▸ TASK ITEM: Print the lines below exactly as written, with none missing.

===== ENTRIES SHOWN =====

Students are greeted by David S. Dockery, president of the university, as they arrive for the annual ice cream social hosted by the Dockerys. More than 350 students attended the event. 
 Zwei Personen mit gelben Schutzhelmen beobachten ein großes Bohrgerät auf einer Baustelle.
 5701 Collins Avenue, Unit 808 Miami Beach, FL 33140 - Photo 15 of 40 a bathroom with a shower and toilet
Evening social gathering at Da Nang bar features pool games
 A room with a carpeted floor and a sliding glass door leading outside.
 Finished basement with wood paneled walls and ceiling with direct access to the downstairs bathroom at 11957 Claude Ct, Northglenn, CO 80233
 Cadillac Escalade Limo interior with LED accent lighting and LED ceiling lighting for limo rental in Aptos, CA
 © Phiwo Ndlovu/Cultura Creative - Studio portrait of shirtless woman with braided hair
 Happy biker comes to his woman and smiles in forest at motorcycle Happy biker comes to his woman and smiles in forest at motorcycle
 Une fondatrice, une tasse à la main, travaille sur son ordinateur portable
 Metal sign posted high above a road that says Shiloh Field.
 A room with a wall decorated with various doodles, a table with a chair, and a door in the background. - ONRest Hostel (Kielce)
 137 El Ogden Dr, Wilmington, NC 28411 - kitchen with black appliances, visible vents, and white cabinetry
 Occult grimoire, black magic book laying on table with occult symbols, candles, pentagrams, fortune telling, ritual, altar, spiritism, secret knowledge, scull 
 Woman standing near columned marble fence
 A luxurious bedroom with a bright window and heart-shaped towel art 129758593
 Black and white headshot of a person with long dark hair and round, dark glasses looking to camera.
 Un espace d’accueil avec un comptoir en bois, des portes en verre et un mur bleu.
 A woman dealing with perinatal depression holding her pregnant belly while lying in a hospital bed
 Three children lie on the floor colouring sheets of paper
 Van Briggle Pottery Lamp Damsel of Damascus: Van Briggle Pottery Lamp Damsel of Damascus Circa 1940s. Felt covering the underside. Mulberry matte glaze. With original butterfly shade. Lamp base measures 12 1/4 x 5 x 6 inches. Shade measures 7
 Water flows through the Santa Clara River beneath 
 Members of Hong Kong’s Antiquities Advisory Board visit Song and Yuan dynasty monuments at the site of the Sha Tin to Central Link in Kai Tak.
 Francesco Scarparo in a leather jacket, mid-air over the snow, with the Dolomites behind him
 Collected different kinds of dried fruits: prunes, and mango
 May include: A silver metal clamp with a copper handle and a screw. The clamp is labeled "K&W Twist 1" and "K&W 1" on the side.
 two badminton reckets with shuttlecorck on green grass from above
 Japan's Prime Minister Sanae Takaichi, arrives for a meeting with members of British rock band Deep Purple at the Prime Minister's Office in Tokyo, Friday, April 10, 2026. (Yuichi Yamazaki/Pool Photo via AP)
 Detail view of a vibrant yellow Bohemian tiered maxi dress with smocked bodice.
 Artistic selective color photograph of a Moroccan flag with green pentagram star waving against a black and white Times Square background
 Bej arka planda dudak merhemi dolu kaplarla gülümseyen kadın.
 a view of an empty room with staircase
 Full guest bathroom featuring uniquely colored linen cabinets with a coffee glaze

=====

▸ ANSWER AREA:
Students are greeted by David S. Dockery, president of the university, as they arrive for the annual ice cream social hosted by the Dockerys. More than 350 students attended the event. 
 Zwei Personen mit gelben Schutzhelmen beobachten ein großes Bohrgerät auf einer Baustelle.
 5701 Collins Avenue, Unit 808 Miami Beach, FL 33140 - Photo 15 of 40 a bathroom with a shower and toilet
Evening social gathering at Da Nang bar features pool games
 A room with a carpeted floor and a sliding glass door leading outside.
 Finished basement with wood paneled walls and ceiling with direct access to the downstairs bathroom at 11957 Claude Ct, Northglenn, CO 80233
 Cadillac Escalade Limo interior with LED accent lighting and LED ceiling lighting for limo rental in Aptos, CA
 © Phiwo Ndlovu/Cultura Creative - Studio portrait of shirtless woman with braided hair
 Happy biker comes to his woman and smiles in forest at motorcycle Happy biker comes to his woman and smiles in forest at motorcycle
 Une fondatrice, une tasse à la main, travaille sur son ordinateur portable
 Metal sign posted high above a road that says Shiloh Field.
 A room with a wall decorated with various doodles, a table with a chair, and a door in the background. - ONRest Hostel (Kielce)
 137 El Ogden Dr, Wilmington, NC 28411 - kitchen with black appliances, visible vents, and white cabinetry
 Occult grimoire, black magic book laying on table with occult symbols, candles, pentagrams, fortune telling, ritual, altar, spiritism, secret knowledge, scull 
 Woman standing near columned marble fence
 A luxurious bedroom with a bright window and heart-shaped towel art 129758593
 Black and white headshot of a person with long dark hair and round, dark glasses looking to camera.
 Un espace d’accueil avec un comptoir en bois, des portes en verre et un mur bleu.
 A woman dealing with perinatal depression holding her pregnant belly while lying in a hospital bed
 Three children lie on the floor colouring sheets of paper
 Van Briggle Pottery Lamp Damsel of Damascus: Van Briggle Pottery Lamp Damsel of Damascus Circa 1940s. Felt covering the underside. Mulberry matte glaze. With original butterfly shade. Lamp base measures 12 1/4 x 5 x 6 inches. Shade measures 7
 Water flows through the Santa Clara River beneath 
 Members of Hong Kong’s Antiquities Advisory Board visit Song and Yuan dynasty monuments at the site of the Sha Tin to Central Link in Kai Tak.
 Francesco Scarparo in a leather jacket, mid-air over the snow, with the Dolomites behind him
 Collected different kinds of dried fruits: prunes, and mango
 May include: A silver metal clamp with a copper handle and a screw. The clamp is labeled "K&W Twist 1" and "K&W 1" on the side.
 two badminton reckets with shuttlecorck on green grass from above
 Japan's Prime Minister Sanae Takaichi, arrives for a meeting with members of British rock band Deep Purple at the Prime Minister's Office in Tokyo, Friday, April 10, 2026. (Yuichi Yamazaki/Pool Photo via AP)
 Detail view of a vibrant yellow Bohemian tiered maxi dress with smocked bodice.
 Artistic selective color photograph of a Moroccan flag with green pentagram star waving against a black and white Times Square background
 Bej arka planda dudak merhemi dolu kaplarla gülümseyen kadın.
 a view of an empty room with staircase
 Full guest bathroom featuring uniquely colored linen cabinets with a coffee glaze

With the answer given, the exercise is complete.